Empolgado com o trabalho dos pesquisadores, ele começou a cursar economia e comprou a primeira câmera fotográfica. Sair para o mato observar a natureza e fotografar animais passou a ser sua maior diversão. “Eu sabia que havia muita coisa pra ser mostrada e que havia grande chance que eu pudesse encontrar também espécies novas dentro da Mata Escura”.
“Eu sou um amante da natureza. Faço qualquer coisa para proteger e também tento conscientizar outras pessoas sobre a importância de respeitar e preservar a natureza. Sinto que levarei comigo pra sempre essa missão”, finaliza.
Maior opilião da reserva
O gênero Cajango já inclui três outras espécies, todas encontradas ao longo da margem norte do Rio Jequitinhonha, mas consideravelmente mais perto do estado da Bahia.
A descoberta da espécie estende a distribuição combinada do gênero mais para o oeste, marcando sua primeira ocorrência no estado de Minas Gerais.

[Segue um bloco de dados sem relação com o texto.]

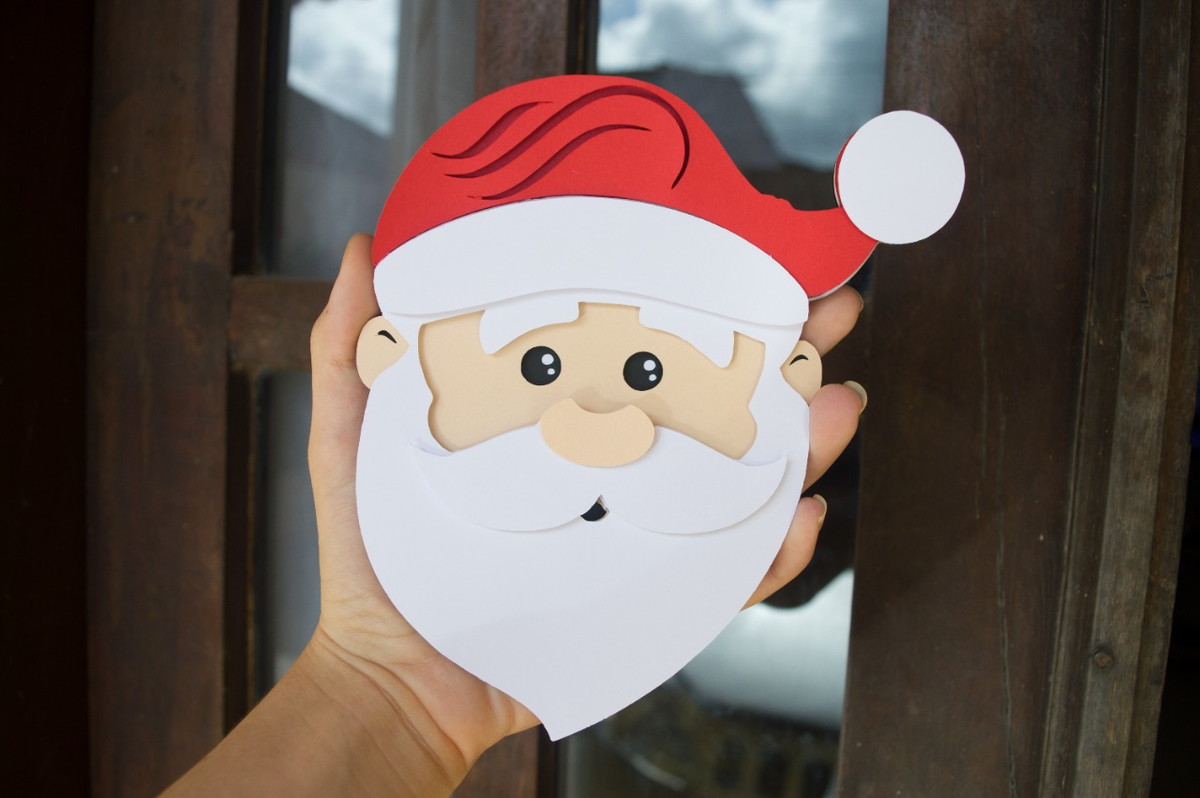 Arquivo Rosto Papai Noel Natal Camada Ganhe +3 Produtos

O novo opilião parece estar restrito a altitudes entre 750 e 1100 metros, enquanto a maioria dos registros das outras três espécies é de altitudes abaixo de 600 metros.
Segundo Kury, o Cajango ednardoi é a maior espécie de opilião da Rebio Mata Escura. “Existe apenas um pequeno número de espécies localmente, e qualquer acréscimo a isso é importante. Mas sendo uma espécie nova e endêmica, mas aparentada com outras 3 espécies do baixo curso do Rio Jequitinhonha, sua descoberta é crucial”, relata.
Opilião macho Cajango ednardoi
Adriano Brilhante Kury
Seu habitat é o fundo de vales com formação de floresta, onde ocorre uma concentração de umidade. De acordo com a gestora da unidade Márcia Nogueira, a cada ano o fluxo dos corpos d’água diminui na reserva, e o avanço das atividades humanas tende a “imprensar” as formações naturais.